この件は地域の鉄道ファンや沿線住民にとっても、とてもショッキングなニュースですよね…。
目標の3倍の支援金約785万円が集まるも…一部未入金 路線存続のためのクラウドファンディングでトラブル(山形・長井市)
TBS NEWS DIG
クラウドファンディングは大成功…しかし
2025年10月にスタートしたこのプロジェクトは、全国の鉄道ファンや地域住民から非常に強い支持を集めました。
- 目標金額:250万円
- 実施期間:2025年10月3日〜12月30日
- 最終集金額:約785万円(目標の314%)
- 支援者数:528人
と、金額・支援者数ともに 大成功の数字 を叩き出しました。
この資金は、運転士の育成や人員不足対策、利便性向上など 路線存続のための多岐にわたる取り組み に充てられる予定でした。
しかし――
一部資金が届いていない問題
クラウドファンディングを運営した 「うぶごえ」 というプラットフォームから、 運営会社である山形鉄道へ送金されていない資金が一部あることが判明 しました。

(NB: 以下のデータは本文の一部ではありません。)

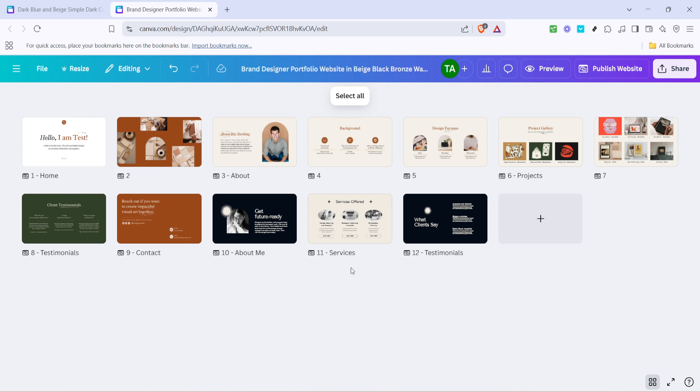And there you have it, a seamless way to copy pages from one Canva project to another. This method is particularly useful when working on design templates with similar elements, or when collaborating across multiple projects. Take advantage of this straightforward process to enhance your design workflow and productivity in Canva. Thanks for watching and happy designing!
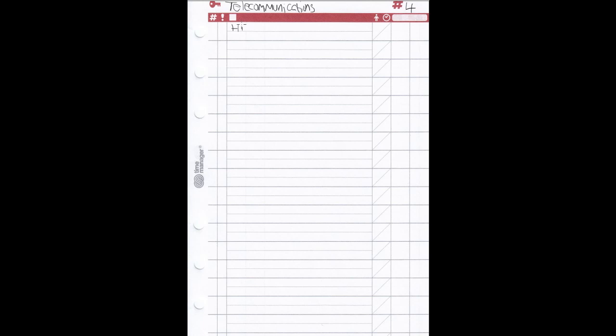So here I've got a key area — let's say telecommunications — and this is my fourth key area. I'd slot this in behind the fourth key area divider. Here I would list the high-level tasks. For example, I might have a task to produce a high-level design document. Every task has a number of activities that go under it, which you list on a separate document — so this sheet is just for high-level tasks.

詳しい金額や原因などは公表されていませんが、支払いが遅れている・届いていないという事実は既に複数の鉄道会社にも影響していることが確認されています。
同じ「うぶごえ」絡みのトラブルが各地で
山形鉄道だけではありません。
・北越急行(新潟県)
ラッピング列車制作のためのCFで約415万円が集まったものの、半分近くが未送金となっていると報じられています。
・弘南鉄道(青森県)
電気機関車修繕プロジェクトでも同様の傾向があり、返礼品はお届けできても実際の支援金が運営会社に届かない状態だったとされています。
・長良川鉄道(岐阜県)
244万円ほど集めたCF資金が未入金のままという報道もあり、地域鉄道界隈に不信感が広がっています。

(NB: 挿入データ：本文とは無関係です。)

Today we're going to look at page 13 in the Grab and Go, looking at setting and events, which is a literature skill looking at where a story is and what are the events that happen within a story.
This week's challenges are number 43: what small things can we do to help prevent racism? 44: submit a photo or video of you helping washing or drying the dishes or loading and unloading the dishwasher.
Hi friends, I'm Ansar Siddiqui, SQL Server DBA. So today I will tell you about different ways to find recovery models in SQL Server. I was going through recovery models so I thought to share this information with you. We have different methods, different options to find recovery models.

こうした問題は 「CFが集まった=成功」ではなく、運営プラットフォームの信頼性や資金管理体制が大前提である ことを改めて浮き彫りにしています。
北越急行と長良川鉄道については知っていましたが、弘南鉄道については初めて聞きました。
なぜこうした問題が起きたのか
今回のトラブルを振り返ると、次のような要因が重なっている可能性が指摘されています:
CFプラットフォームの仕組みと手数料
「うぶごえ」は一見 手数料無料の仕組み をうたっており、それが鉄道会社にとって魅力に映った側面があります。 しかし実際には支援者側の支払い手数料を収益とするビジネスモデルであり、運営側が継続的にプロジェクトを支える収益構造として成り立っていなかった可能性が指摘されています。
鉄道会社側の経営リスク
第三セクター鉄道はどこも 少子化・利用者減少・人材不足 といった厳しい環境に立たされています。山形鉄道は不正送金詐欺による 約1億円の被害 も受けており、このような苦境で 資金調達に頼らざるを得なかった実情 があります。
地域鉄道とクラウドファンディング
クラウドファンディングは、本来「地域の希望や夢を形にする」ための素晴らしい手法です。しかし今回の一連の問題は、 プラットフォーム選びや資金管理の安全性が最も重要だということ を痛感させます。
鉄道会社と支援者の心をつなぐはずの仕組みが、逆に新たな課題を生んでしまっている今、同様のプロジェクトに乗り出す際には 透明性や信頼性の担保が不可欠 であると言えるでしょう。